Hay escritores que se esfuerzan por convencer al lector de la veracidad de su intento, ya sea porque crean reglas que aplican a rajatabla en su universo o porque se le da a la narración un falso soporte histórico, formal o material. En Carrington, esta disposición encuentra su impulso en el lugar contrario: convencernos de que todo lo que se lee es absolutamente falso. Me parece que la literatura es el arte que más se preocupa por establecer una relación con la realidad, es decir, la operación de insertarse en el mundo para convencernos de que es connatural a él. Esta tecnología cultural —la de saber distinguir lo verdadero de lo falso— no la encontramos en los niños, quienes requieren de un aprendizaje consciente —la marca de la experiencia— y después del siempre elusivo sentido común —quizá una prenda de la inteligencia—. Esto es negado en Carrington, quien se pregunta: “¿Cómo puede alguien ser una persona respetable si se deshace de sus fantasmas a fuerza de sentido común?”. Es como si la escritora nos dijera que la irracionalidad de una obsesión es el trabuco que nos permite saltar ciertas murallas, en la literatura o en la vida, para avistar nuevas pesadillas o jardines.
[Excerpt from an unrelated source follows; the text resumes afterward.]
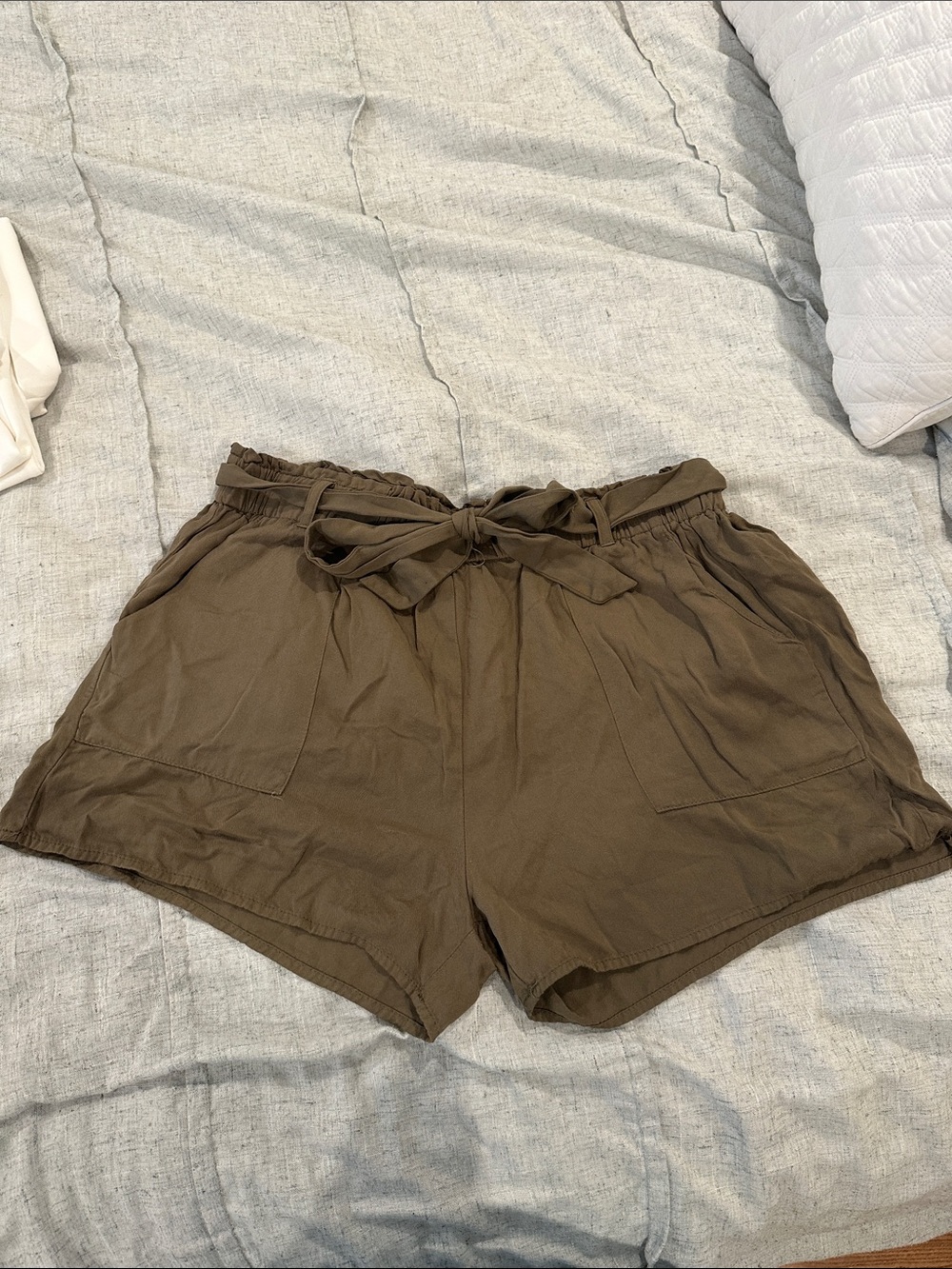 Shine star Olive Green High-Waist Tie-Waist Women's Shorts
Las historias de Carrington, plagadas de animales, confirman el vuelo hipnótico de su imaginación. Si tuviera que elegir, diría que el caballo es el animal de su preferencia. Fuerte, elegante, nómada, el caballo, según Whitney Chadwick en Women Artists and the Surrealist Movement, es una “imagen de renacimiento”. La vida de todo artista desembocará, inevitablemente, en su obra. En Carrington, este renacimiento puede leerse —quizá— en múltiples instancias de su propia vida, como la ruptura definitiva con su padre, en su aventura con el artista Max Ernst, en su ingreso a un hospital psiquiátrico en España, en su escape para evitar ser enviada a otra institución mental en Sudáfrica, en su matrimonio con el diplomático Renato Leduc, en su vida en México. Este renacimiento, sin embargo, será admirado con cuidado por la propia Carrington, pues en sus historias aparecerá una protagonista casi siempre distanciada de los acontecimientos, en continua transición, sin un final reconocido. La imaginación de Carrington, escribió Annette Shandler, combina “la ingenuidad infantil abierta a todas las posibilidades con la aceptación del Surrealismo de la realidad del sueño”: es la falsedad de una falsedad.

La literatura de Leonora Carrington me aventó, por breves momentos, al abismo de mi niñez. He descubierto, con preocupación, que de mi infancia recuerdo mucho, pero especialmente mis pesadillas, pintadas con anticipación por Carrington en esta militancia lunar del mundo de las cosas inexplicables.